As much as I hate to let this whole thread spin too far off topic...

In California I know that work you do does NOT get automatically assigned to your employer and, if your employer wants your independent work assigned over to them they must put that in the employment contract AND a copy of Section 2870(a) of the Calif. Labor Code. 2870 basically says your employer cannot force you to assign any of your rights to something you have created yourself on your own time with your own equipment unless what you have created relates at the time of conception or reduction to practice to work you are doing for that employer.

I don't know about other states...

However, if Andy was told by his employer not to work on JBoss because it competes in any way with the product his employer is making, taking CVS RW access away is the correct thing to do. At least until there is an agreement, in writing, giving blanket permission to contribute to the JBoss code base. The last thing you would want is for a company with their own EJB/Servlet/JSP/etc. implementation to slap an injunction against distributing JBoss right as they launch their product arguing that JBoss likely contains code that is their intellectual property. It could take months to clear the legal issues, all the while they are making money selling their product and JBoss developers find their consulting income wither to nothing.

At 02:31 PM 12/23/2002 -0500, you wrote:
I know that I am not a lawyer and have only a semester of law to my name, but is there any real case law related to this matter? I could see where your employer could make claims against your private work if you were working on an open source project that was the spitting image of some proprietary work you were engaged in with said employer, but I would think that the claim would not be on the copyright of your own work but instead on divulging secrets or merely representing a conflict of interest.
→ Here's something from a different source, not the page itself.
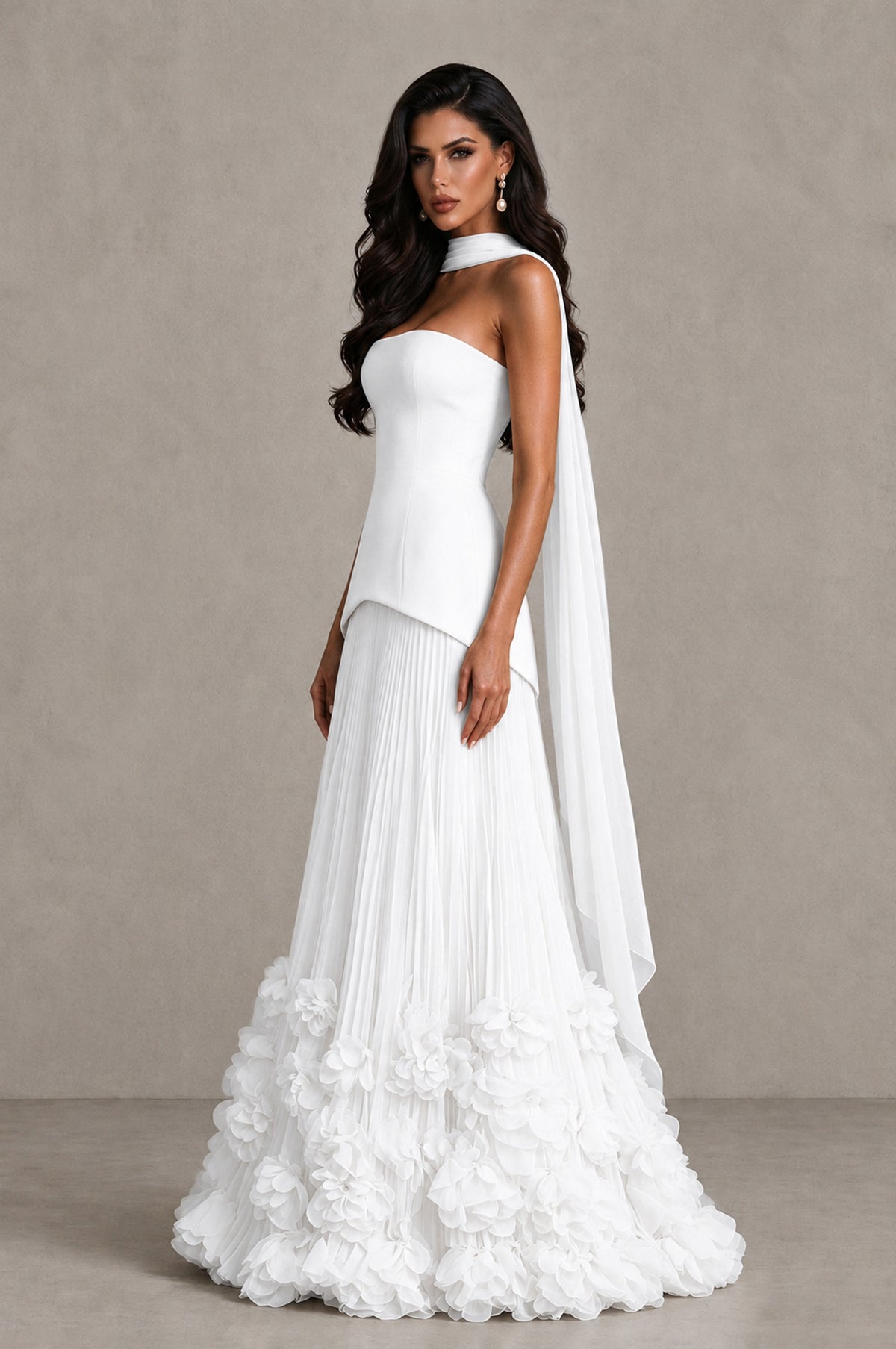BOLODOO White Strapless Pleated Floral Hem Evening Gown - White - White_4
If what you're saying is true...that anything I do in my spare time can become the copyright of my employer, then I need to seriously rethink my budding writing career, since the articles and books I am writing on my home computer could fall in a legal gray area. I honestly don't think that's the case, which leads me to suspect that your employer cannot just unilaterally annex work you do in your spare time unless they can cite a conflict of interests or some sort of other direct threat to their interests (such as stealing a trade secret).

Really...does anyone know a little of the case law here?